- TASK DETAILS -
The lines from the one with "LA PERLA COLLEZIONE" through the last line of the material below, copied exactly and free of pictures, make up the whole answer.

- PROVIDED DATA -
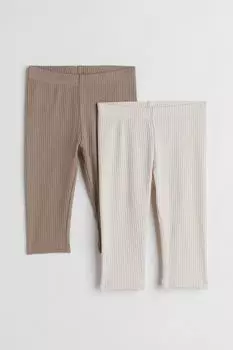 Комплект из 2 леггинсов H&M, серый/кремовый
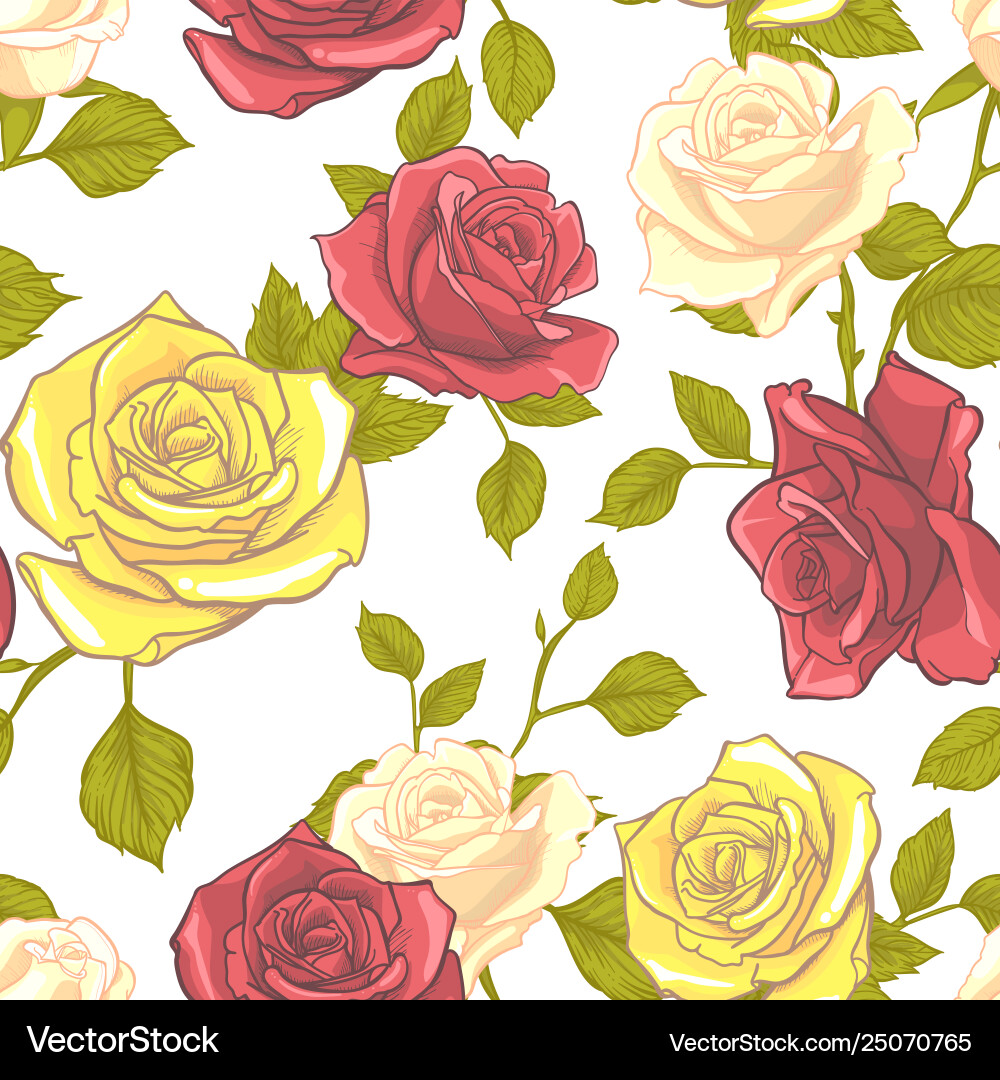 Rose seamless pattern flower seamless pattern Vector Image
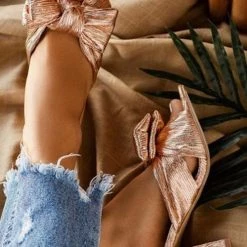 Levency Metal Feeling Bow High Heel Slipper New In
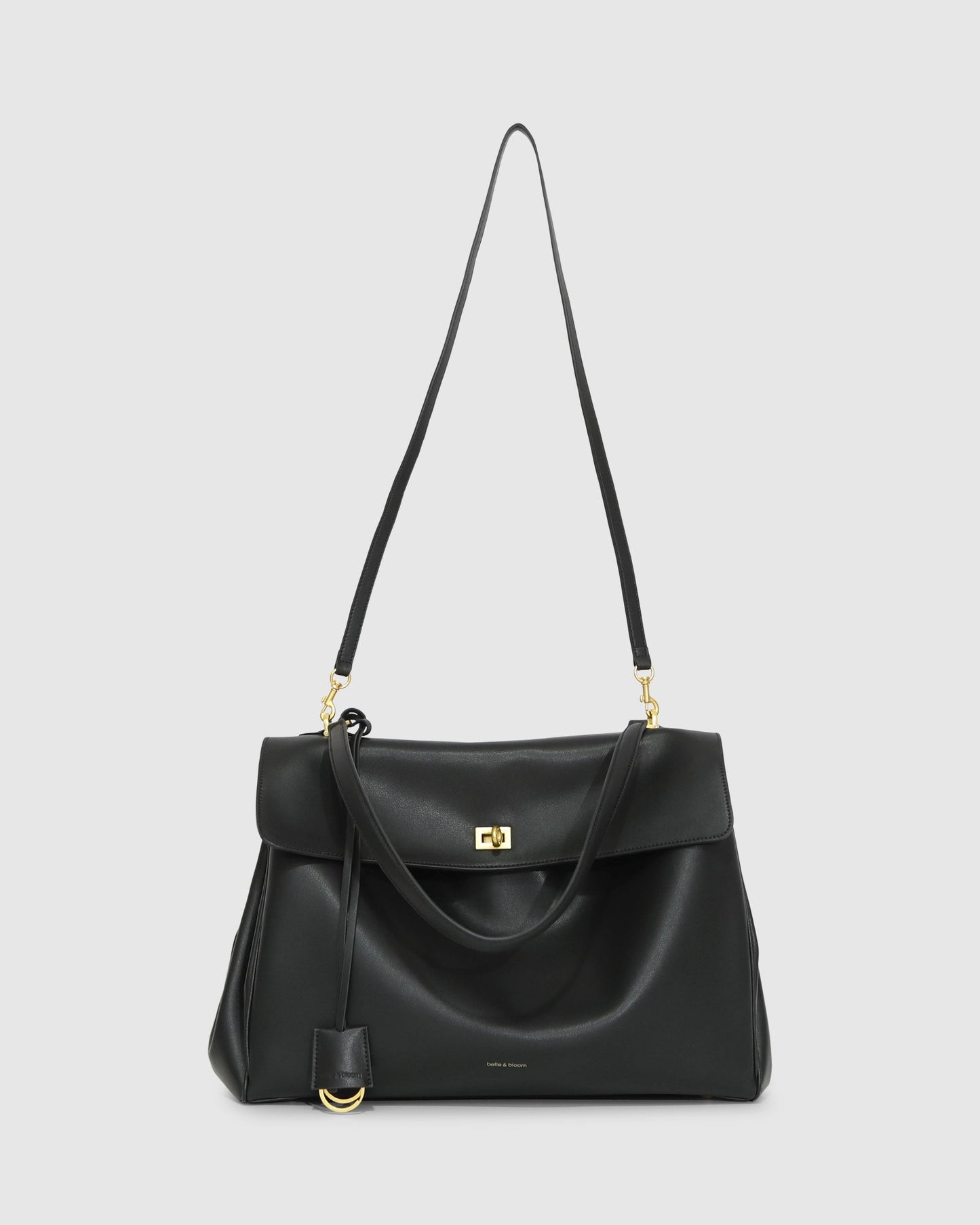 Skyfall Leather Shoulder Bag - Black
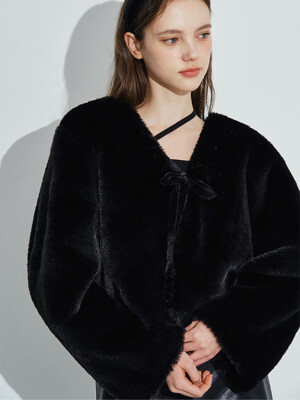 Cozy Ribbon Fur Jacket [Black]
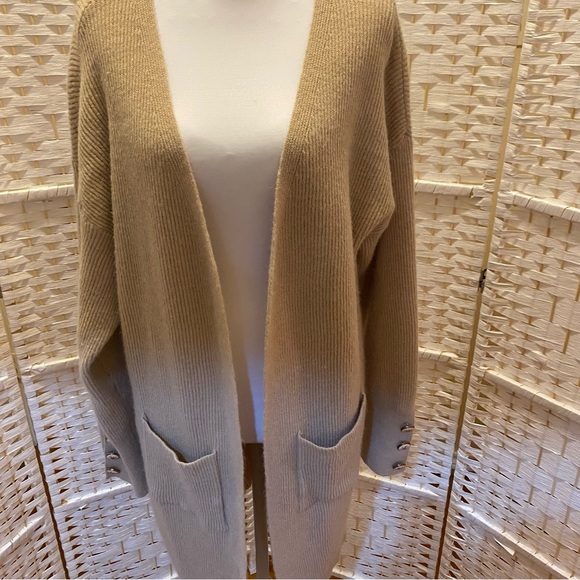 Long Beige Women's Sweater Cardigan size XL - Picture 2 of 14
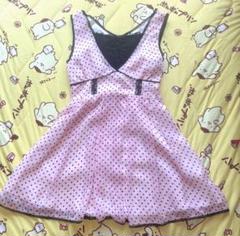 美品♡TRALALA トゥララ キャミワンピース ドット 水玉 リボン 希少 美品♡TRALALA トゥララ キャミワンピース ドット 水玉 リボン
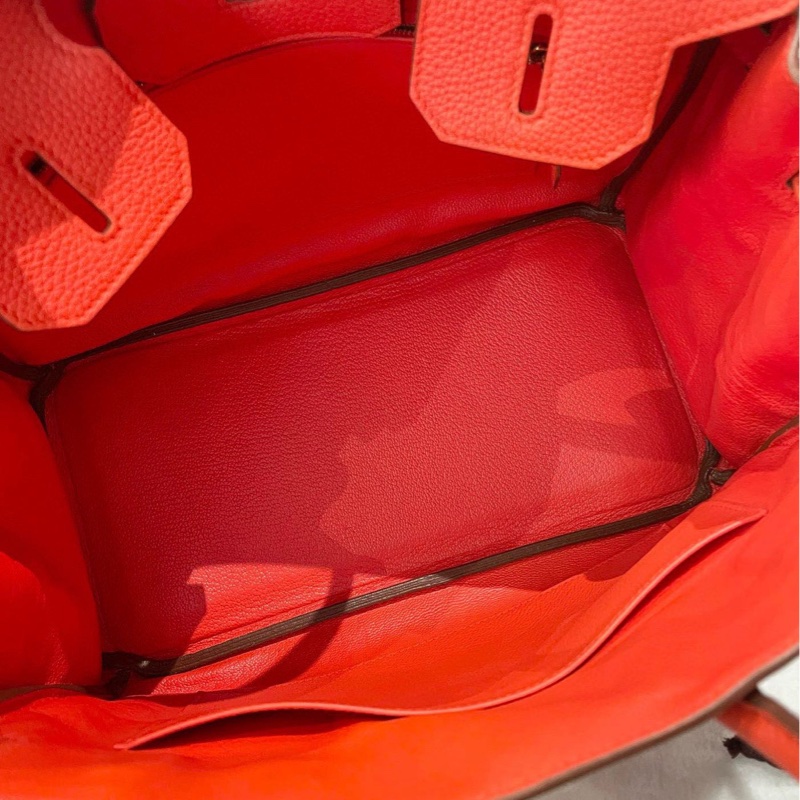 Hermès愛馬仕心紅色金扣Birkin30鉑金包，框O刻togo牛皮-7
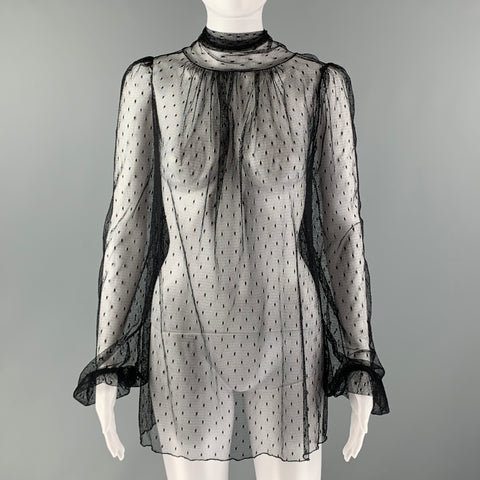 LA PERLA COLLEZIONE Size 4 Black Nylon Mesh Bow Blouse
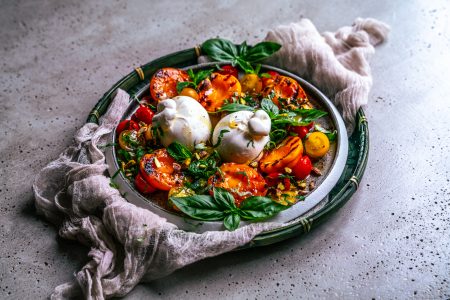 Marillen Caprese mit Burrata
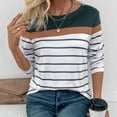 thumbnail image 2 of Lmnyox Women's Striped Tops Soft Long Sleeve Crew Neck T Shirt Summer Casual Pullover Shirt Trendy, 2 of 7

- ANSWER AREA -
 LA PERLA COLLEZIONE Size 4 Black Nylon Mesh Bow Blouse
 Marillen Caprese mit Burrata
 thumbnail image 2 of Lmnyox Women's Striped Tops Soft Long Sleeve Crew Neck T Shirt Summer Casual Pullover Shirt Trendy, 2 of 7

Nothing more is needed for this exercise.